The analysis of the respiratory flow signal provides a non-invasive tool to assess the autonomic nervous system influence on the respiratory pattern. Out of the established clinical predictors or linear HRV measures, the characterization of the respiratory flow signal envelope provides prediction markers to study the condition of CHF patients.

The main goal of this study is to characterize respiratory patterns that derive from PB and nPB patients, in order to identify different patterns and subsequently predict the condition of CHF patients. Both patient groups exhibit various degrees of periodicity depending on their condition, whereas healthy subjects have no pronounced periodicity. This observation is reflected by the parameter P which decreases proportionally to the periodicity of the pattern. Due to their lack of modulation peak the healthy subjects show the smallest values for this parameter, providing promising results for discrimination, i.e., CHF vs. healthy 85.5%, and nPB vs. healthy 85.2%, despite the fact that nPB patients and healthy subjects present apparently similar respiratory patterns. The power of the right DB provided the best results when classifying PB and nPB breathing patterns into CHF patients. The ROC curves validate the results obtained when identifying different respiratory patterns.

The small size of the dataset is a limitation of this study, and therefore the significance of the results, though promising, needs to be further established on a larger set. As a consequence of the small size, it was decided to only investigate the performance of single-parameter linear classification.

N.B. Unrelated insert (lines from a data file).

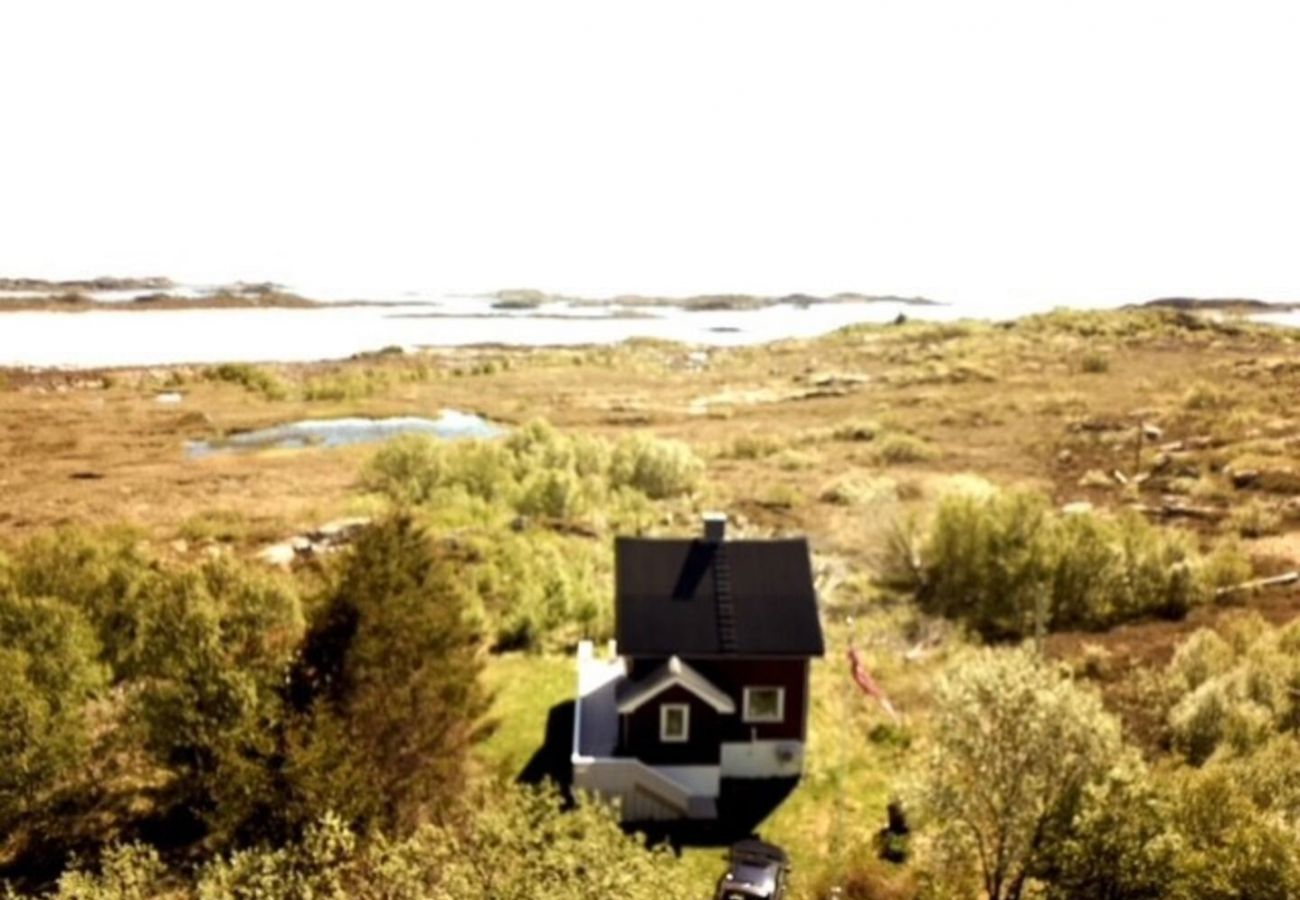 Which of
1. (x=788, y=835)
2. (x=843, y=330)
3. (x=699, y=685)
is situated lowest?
(x=788, y=835)

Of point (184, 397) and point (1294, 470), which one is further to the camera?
point (184, 397)

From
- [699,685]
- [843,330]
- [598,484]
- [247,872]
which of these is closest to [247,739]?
[247,872]

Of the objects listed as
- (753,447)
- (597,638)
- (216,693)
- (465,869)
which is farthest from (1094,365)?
(465,869)

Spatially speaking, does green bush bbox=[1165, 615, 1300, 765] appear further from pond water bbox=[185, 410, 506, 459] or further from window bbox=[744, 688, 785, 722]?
pond water bbox=[185, 410, 506, 459]

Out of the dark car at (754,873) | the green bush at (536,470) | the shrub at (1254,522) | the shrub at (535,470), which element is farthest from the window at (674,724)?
the shrub at (1254,522)

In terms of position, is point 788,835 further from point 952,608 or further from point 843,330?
point 843,330

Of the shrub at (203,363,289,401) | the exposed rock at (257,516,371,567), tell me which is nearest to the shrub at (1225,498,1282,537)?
the exposed rock at (257,516,371,567)

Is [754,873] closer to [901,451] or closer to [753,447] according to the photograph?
[901,451] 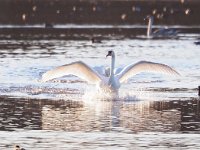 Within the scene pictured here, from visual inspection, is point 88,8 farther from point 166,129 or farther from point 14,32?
point 166,129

The extracted parameters characterize the respiratory pattern of these patients, and suggest that PB patterns are related to the patients’ condition. However, more research is needed to study the relevance of the information provided by these periodic respiratory patterns with respect to what can be extracted using the traditional clinical indices.

Conclusions

In this study, the respiratory flow envelope signal analysis is proposed for the characterization of respiratory flow signal patterns. Some spectral parameters are used to identify different respiratory patterns and classify CHF patients with different conditions and healthy subjects. Power-related parameters provide the best discrimination results between different respiratory patterns. Of the most discriminating parameters, the power of the modulation peak provided an accuracy of 85.5 and 85.2% classifying CHF patients vs. healthy subjects, and nPB patients vs. healthy subjects, and the power of the right DB showed an 84.6% of well-classified patients in an internal CHF patient classification between PB and nPB patterns. These results suggest that the method can be a useful tool to characterize different respiratory patterns in CHF patients and healthy subjects.